Looking at the Streaming Microservice we see that this is subscribing to some message broker topics and is pulling data from them. It’s worth noticing that
the messages that it receives are of different types, but still, by using a common identifier they can be joined into a single message which is our aggregate.
The aggregate is subsequently published back to Kafka.
Even by using a more complicated design like this our microservice is still decoupled by the rest of the others. Spatial and temporal couplings are still in place
and the only affected one is the platform coupling, but not with something more rather than in the case of the Outbox.
Eager aggregating data
Somehow a simpler solution than the CDC one is to aggregate the data at the database level, instead of capturing and publishing granular changes to Kafka that are subsequently aggregated into specialized streaming microservice.
How this can be done? Most of the RDBMSs have something called Views! Yes, Views! A view is nothing more than a virtual table which is backed by a SELECT statement
that query one or multiple tables each time it is queried.
We can create such a view and perform a SELECT statement that joins all the necessary tables for performing the desired aggregate. Then, by using the same Kafka Connect
or Debezium instance we can poll at specified time intervals this view to see if there were some changes produced in the meantime and if so, we will publish them to Kafka.
The above diagram shows a high-level view of this way of publishing aggregates to the outside world. The coupling degrees are still in place, but in this way,
we are going to hiding the coupling between the microservice’s database and the external world more and more, which is not a good thing. Also, is not the best
practice to publish directly business data owned by the microservice, but sometimes it can be useful for a transition stage.

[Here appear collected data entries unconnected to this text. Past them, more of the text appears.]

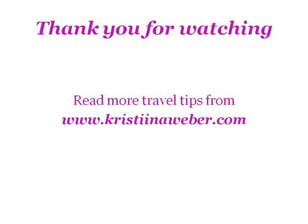I hope you have enjoyed my podcast. Thank you for listening and please also check my travel blog at kristinaveber.com. Bye!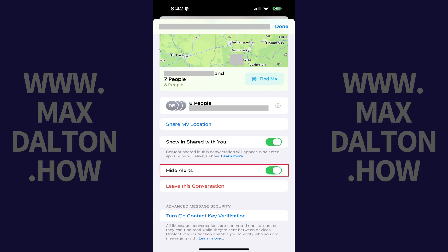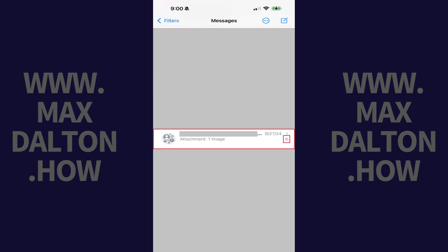You can confirm this group chat is muted by navigating back to your message list and finding this specific group chat, which should now have an icon featuring a bell with a line through it next to it.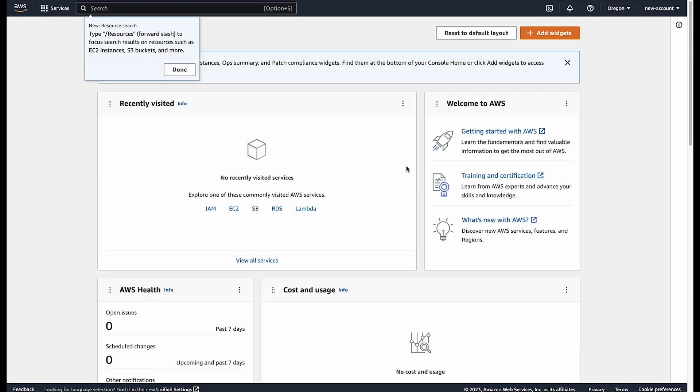And now you know how to access member accounts created using AWS Organizations. Thanks for watching and happy cloud computing from all of us here at AWS.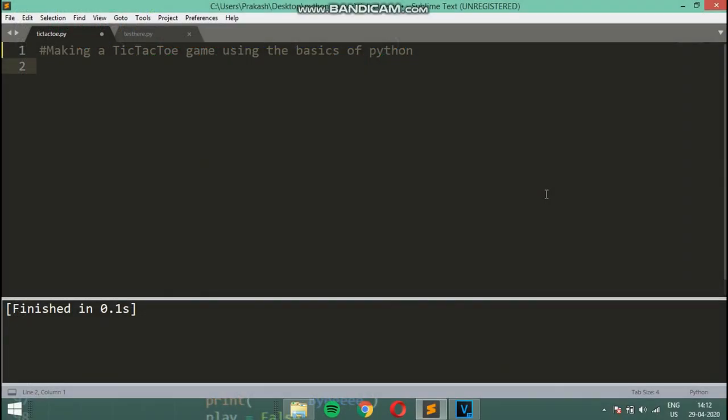What's going on everybody, and welcome to a brand new series on making a tic-tac-toe game using the basics of Python. In this video we are just going to print a board — we are not going to input any values and we are not going to check for any wins. We are just going to print the board.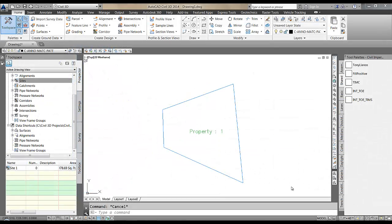Hello again. Today's question comes from Wes Gilbert, who's a civil engineer in Chico, California. He owns a company called W Gilbert Engineering. Wes's question has to do with the parcel reports, the inverse report, and setting the precision on the bearings.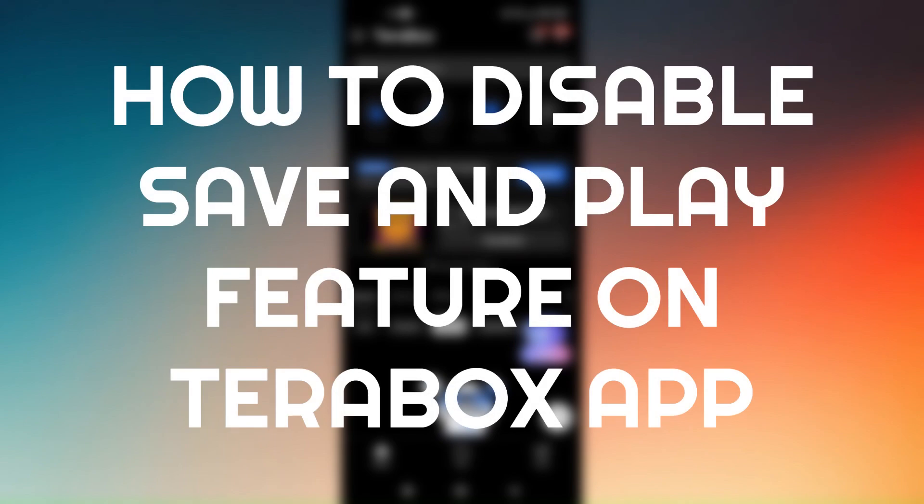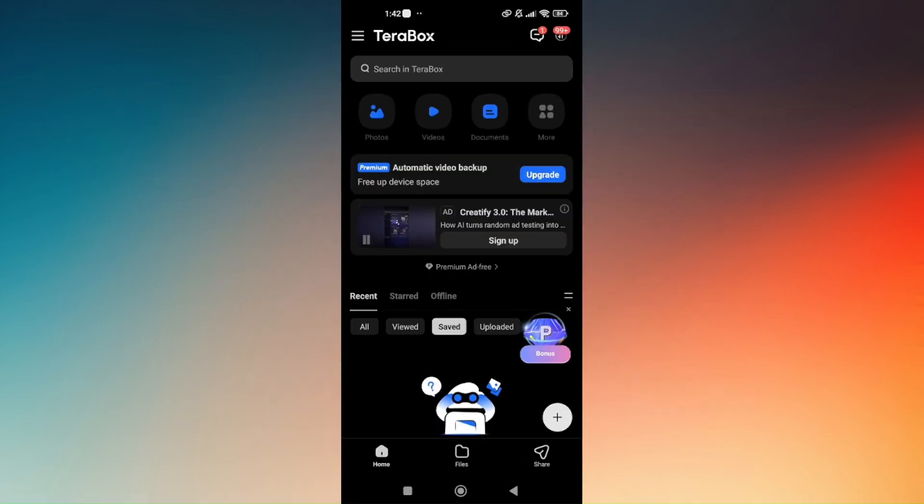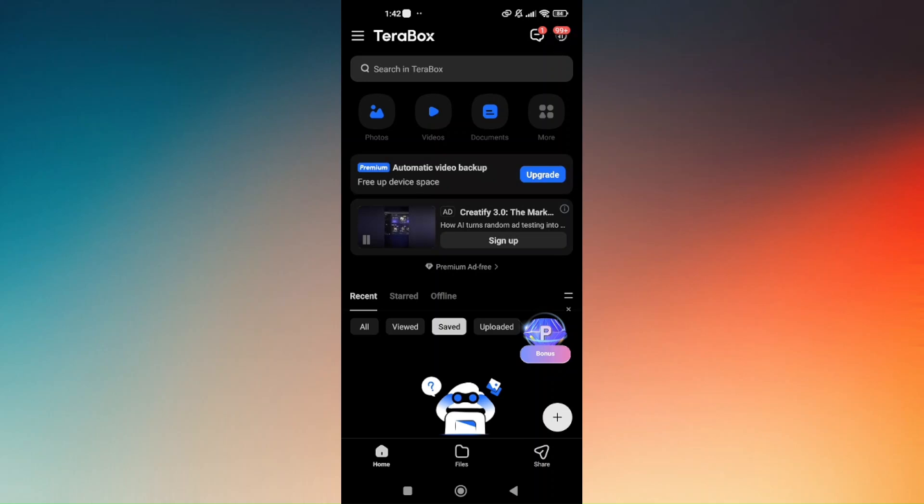How to disable save and play feature on the TeraBox app. Before we go into that portion, you'll have to make sure first that your TeraBox application is updated to the latest version, so you will not encounter any problems in the future.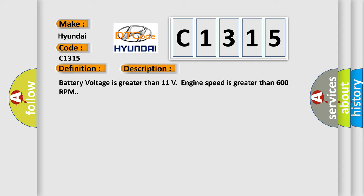Battery voltage is greater than 11 volts, engine speed is greater than 600 RPM.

We can also perform some specific transformation at the database level by using stored procedures or specialized functions to aggregate the data into a specific
format like JSON or XML.
Keep in mind that this is not the kind of pattern to be used in the long run. It’s sometimes useful in specific cases like transitioning from a big ball of mud
to a microservices-based architecture, but as soon as it’s possible we should evolve this implementation into something described earlier.
Pull the trigger!
The major downside of the above-presented solution is the fact that when performing the query behind the aggregate view each time when we query the view we can
have some performance issues. If the query behind the view takes too much time to be executed, then we should think of another solution to solve our problems.
One solution would be to use a table instead of a view, let’s call it EventStore table. We can use triggers that are inserting change events into this EventStore
whenever the data is changed in the business tables of our microservice. In this way, by polling the EventStore we can have all the changes that were produced in
a specific time interval without ever performing any costly query.
The below diagram will make things more explicit.
The picture is somehow similar to the one from the solution that used the aggregate view, but in this scenario, we are not using a view anymore, but a real table
and also, we are not querying any other table rather than the EventStore.
This solution is very efficient if we talk about performance, but like the one in the previous scenario, we should avoid using it as much as possible.
Conclusions
We have seen how we can use various ways of integrating microservices in microservices-based architecture. Also, we have seen how the foundation (asynchronous message-driven) of the Reactive Manifesto can be created, by using multiple patterns for a well-designed coupling.
All the presented patterns were used in production-ready projects and worked as expected. Also, the mentioned downsides of each of the patterns are worth to be
taken into consideration before going to implement any of them.
If you want more details about understanding these solutions or how to evolve them, I suggest you look into “Designing Data-Intensive Applications” by Martin Kleppmann.